WHAT THIS TASK INVOLVES
Return the data below exactly, but only from the line containing "我们调研了100+理财顾问后，发现他们有这N个特点" through the line containing "Baja California Sur", with both of those lines included.

(EXERCISE INPUT)

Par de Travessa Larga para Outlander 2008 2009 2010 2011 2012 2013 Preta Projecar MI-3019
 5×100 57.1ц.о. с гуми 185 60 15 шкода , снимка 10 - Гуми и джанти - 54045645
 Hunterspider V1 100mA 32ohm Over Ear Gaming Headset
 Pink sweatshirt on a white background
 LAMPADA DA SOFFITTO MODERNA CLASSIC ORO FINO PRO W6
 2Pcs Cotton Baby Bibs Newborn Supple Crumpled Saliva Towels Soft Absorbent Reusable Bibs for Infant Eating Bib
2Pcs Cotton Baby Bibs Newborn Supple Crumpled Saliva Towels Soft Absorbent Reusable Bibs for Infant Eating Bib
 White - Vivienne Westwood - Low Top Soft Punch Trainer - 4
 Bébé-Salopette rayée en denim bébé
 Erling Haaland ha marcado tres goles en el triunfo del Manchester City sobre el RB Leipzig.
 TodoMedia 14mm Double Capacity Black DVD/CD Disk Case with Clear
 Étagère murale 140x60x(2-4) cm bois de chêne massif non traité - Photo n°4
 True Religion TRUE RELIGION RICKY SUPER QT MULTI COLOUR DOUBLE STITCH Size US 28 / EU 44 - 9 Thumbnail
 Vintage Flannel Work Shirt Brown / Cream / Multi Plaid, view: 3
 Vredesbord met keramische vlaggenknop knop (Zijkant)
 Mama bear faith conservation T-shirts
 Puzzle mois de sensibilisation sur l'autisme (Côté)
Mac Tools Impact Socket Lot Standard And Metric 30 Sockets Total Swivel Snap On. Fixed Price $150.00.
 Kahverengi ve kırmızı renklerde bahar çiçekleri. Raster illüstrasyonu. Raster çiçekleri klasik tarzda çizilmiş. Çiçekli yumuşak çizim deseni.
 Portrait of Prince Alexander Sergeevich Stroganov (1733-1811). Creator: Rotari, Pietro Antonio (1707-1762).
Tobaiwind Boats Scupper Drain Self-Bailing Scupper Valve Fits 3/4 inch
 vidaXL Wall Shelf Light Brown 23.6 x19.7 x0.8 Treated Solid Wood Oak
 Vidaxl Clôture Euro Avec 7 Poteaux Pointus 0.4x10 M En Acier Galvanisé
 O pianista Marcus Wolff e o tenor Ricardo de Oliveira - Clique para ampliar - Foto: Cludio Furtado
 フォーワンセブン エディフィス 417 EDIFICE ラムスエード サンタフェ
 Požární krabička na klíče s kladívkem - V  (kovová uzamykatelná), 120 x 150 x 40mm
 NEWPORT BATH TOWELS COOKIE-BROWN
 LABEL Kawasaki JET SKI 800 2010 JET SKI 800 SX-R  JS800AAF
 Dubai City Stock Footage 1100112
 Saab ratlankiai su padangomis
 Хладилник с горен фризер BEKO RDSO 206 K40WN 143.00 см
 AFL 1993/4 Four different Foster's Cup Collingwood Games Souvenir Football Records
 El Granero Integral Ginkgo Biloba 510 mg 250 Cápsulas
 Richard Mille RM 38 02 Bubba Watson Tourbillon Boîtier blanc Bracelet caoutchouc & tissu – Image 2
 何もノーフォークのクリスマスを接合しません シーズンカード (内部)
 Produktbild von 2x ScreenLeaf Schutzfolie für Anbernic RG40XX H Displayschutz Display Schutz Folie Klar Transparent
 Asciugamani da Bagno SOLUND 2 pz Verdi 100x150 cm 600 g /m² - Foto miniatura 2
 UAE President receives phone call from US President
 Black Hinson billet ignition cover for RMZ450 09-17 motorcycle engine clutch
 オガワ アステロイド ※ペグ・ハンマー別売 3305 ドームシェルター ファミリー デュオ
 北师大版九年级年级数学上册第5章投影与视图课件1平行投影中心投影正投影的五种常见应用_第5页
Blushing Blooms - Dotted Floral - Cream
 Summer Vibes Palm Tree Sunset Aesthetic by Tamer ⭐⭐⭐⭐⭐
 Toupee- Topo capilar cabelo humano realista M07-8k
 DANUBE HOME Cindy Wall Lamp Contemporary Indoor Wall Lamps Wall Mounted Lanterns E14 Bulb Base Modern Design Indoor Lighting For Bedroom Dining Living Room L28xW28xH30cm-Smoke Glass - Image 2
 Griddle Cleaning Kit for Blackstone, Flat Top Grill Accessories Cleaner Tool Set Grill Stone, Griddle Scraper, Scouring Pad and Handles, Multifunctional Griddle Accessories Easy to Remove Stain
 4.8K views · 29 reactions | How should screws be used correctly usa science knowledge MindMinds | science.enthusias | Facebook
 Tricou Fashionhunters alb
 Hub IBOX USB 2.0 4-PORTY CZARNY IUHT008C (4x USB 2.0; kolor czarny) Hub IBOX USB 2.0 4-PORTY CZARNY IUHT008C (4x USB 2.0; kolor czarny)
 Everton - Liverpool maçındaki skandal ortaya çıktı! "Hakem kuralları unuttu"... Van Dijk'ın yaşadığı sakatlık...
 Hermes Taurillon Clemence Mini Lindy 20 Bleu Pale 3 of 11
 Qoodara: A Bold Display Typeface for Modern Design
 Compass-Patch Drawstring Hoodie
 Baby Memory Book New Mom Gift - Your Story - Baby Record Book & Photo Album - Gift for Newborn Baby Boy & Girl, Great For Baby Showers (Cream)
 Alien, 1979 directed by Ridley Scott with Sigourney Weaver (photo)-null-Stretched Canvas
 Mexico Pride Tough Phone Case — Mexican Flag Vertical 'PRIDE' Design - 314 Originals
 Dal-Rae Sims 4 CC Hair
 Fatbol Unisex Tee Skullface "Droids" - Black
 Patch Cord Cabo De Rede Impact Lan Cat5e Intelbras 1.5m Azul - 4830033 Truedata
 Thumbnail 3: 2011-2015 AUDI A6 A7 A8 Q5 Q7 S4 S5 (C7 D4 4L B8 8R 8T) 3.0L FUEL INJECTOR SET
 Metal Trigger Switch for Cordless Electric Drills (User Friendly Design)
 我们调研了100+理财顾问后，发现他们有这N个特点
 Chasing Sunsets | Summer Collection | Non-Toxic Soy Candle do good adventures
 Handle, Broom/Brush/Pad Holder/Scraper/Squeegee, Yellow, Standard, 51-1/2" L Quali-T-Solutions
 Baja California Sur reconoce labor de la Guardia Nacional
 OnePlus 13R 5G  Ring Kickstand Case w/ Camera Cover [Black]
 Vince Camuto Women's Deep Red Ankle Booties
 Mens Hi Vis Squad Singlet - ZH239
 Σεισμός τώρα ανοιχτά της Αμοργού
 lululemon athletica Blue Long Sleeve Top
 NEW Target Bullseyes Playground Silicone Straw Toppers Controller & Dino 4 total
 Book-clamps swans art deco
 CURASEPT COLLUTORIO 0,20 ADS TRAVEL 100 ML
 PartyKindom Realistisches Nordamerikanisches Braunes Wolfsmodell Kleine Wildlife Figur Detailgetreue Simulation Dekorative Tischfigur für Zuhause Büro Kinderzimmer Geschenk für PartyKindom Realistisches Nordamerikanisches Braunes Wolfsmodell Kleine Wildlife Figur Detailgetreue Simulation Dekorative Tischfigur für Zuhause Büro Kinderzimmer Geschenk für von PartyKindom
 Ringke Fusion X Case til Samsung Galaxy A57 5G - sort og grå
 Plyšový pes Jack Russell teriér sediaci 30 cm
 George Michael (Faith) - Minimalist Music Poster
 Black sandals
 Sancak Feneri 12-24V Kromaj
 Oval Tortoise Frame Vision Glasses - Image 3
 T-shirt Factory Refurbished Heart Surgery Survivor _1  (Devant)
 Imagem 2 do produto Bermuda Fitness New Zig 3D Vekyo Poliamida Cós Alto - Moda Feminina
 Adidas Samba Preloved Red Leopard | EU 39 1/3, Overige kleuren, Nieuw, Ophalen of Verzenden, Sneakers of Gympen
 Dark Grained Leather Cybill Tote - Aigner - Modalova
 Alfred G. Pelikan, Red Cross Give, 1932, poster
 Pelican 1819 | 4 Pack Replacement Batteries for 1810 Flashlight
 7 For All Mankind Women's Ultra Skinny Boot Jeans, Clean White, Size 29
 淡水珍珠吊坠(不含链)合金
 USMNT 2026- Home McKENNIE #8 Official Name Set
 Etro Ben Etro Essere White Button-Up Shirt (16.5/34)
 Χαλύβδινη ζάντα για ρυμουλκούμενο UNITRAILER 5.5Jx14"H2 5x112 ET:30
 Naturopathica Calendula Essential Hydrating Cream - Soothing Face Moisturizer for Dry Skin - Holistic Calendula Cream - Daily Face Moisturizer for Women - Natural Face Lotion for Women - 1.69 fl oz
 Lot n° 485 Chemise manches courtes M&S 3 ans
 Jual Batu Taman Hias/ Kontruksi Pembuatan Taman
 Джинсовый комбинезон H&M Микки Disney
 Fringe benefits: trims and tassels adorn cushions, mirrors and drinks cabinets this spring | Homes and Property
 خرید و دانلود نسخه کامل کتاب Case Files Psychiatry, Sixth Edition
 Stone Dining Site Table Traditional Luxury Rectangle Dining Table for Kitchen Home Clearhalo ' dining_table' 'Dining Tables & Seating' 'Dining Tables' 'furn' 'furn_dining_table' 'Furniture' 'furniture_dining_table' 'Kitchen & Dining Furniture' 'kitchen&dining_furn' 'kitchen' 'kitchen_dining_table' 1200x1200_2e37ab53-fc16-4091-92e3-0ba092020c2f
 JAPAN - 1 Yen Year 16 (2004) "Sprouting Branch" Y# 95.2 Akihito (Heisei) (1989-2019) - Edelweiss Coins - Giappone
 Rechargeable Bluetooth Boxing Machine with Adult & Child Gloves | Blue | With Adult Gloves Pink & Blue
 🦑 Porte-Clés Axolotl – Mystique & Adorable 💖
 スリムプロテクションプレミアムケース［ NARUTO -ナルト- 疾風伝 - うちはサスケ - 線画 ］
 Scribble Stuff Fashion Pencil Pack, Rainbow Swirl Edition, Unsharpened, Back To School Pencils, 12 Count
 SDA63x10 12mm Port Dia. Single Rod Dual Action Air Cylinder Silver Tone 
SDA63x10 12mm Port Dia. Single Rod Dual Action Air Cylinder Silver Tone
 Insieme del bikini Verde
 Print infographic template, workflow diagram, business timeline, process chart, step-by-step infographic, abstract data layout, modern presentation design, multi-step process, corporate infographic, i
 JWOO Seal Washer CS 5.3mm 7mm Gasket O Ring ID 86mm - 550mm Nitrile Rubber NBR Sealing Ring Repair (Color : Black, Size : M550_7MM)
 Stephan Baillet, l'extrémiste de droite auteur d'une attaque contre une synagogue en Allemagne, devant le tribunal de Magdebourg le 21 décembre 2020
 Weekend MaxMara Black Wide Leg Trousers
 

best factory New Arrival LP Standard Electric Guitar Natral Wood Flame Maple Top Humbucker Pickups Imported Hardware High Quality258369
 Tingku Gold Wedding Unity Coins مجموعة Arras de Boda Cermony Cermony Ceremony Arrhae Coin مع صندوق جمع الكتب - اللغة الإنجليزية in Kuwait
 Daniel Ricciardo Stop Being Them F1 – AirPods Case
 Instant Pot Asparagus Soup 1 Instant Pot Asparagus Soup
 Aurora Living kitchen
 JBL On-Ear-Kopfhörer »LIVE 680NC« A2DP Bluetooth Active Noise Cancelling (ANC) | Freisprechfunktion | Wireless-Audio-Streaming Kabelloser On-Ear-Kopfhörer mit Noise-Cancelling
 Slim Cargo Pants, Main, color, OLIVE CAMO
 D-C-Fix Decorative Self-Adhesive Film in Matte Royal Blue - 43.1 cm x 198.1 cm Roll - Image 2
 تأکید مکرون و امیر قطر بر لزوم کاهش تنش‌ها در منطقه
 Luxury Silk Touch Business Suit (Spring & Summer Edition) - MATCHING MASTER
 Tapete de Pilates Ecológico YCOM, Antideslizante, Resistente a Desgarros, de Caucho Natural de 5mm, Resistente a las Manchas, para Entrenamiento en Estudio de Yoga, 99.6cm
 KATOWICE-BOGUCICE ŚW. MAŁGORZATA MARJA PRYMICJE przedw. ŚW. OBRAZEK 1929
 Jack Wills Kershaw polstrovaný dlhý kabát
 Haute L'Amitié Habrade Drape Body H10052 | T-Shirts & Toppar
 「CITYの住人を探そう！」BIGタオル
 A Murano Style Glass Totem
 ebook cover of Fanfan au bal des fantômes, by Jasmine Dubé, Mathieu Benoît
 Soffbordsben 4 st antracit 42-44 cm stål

(End EXERCISE INPUT)

RESPONSE TO THIS TASK
 我们调研了100+理财顾问后，发现他们有这N个特点
 Chasing Sunsets | Summer Collection | Non-Toxic Soy Candle do good adventures
 Handle, Broom/Brush/Pad Holder/Scraper/Squeegee, Yellow, Standard, 51-1/2" L Quali-T-Solutions
 Baja California Sur reconoce labor de la Guardia Nacional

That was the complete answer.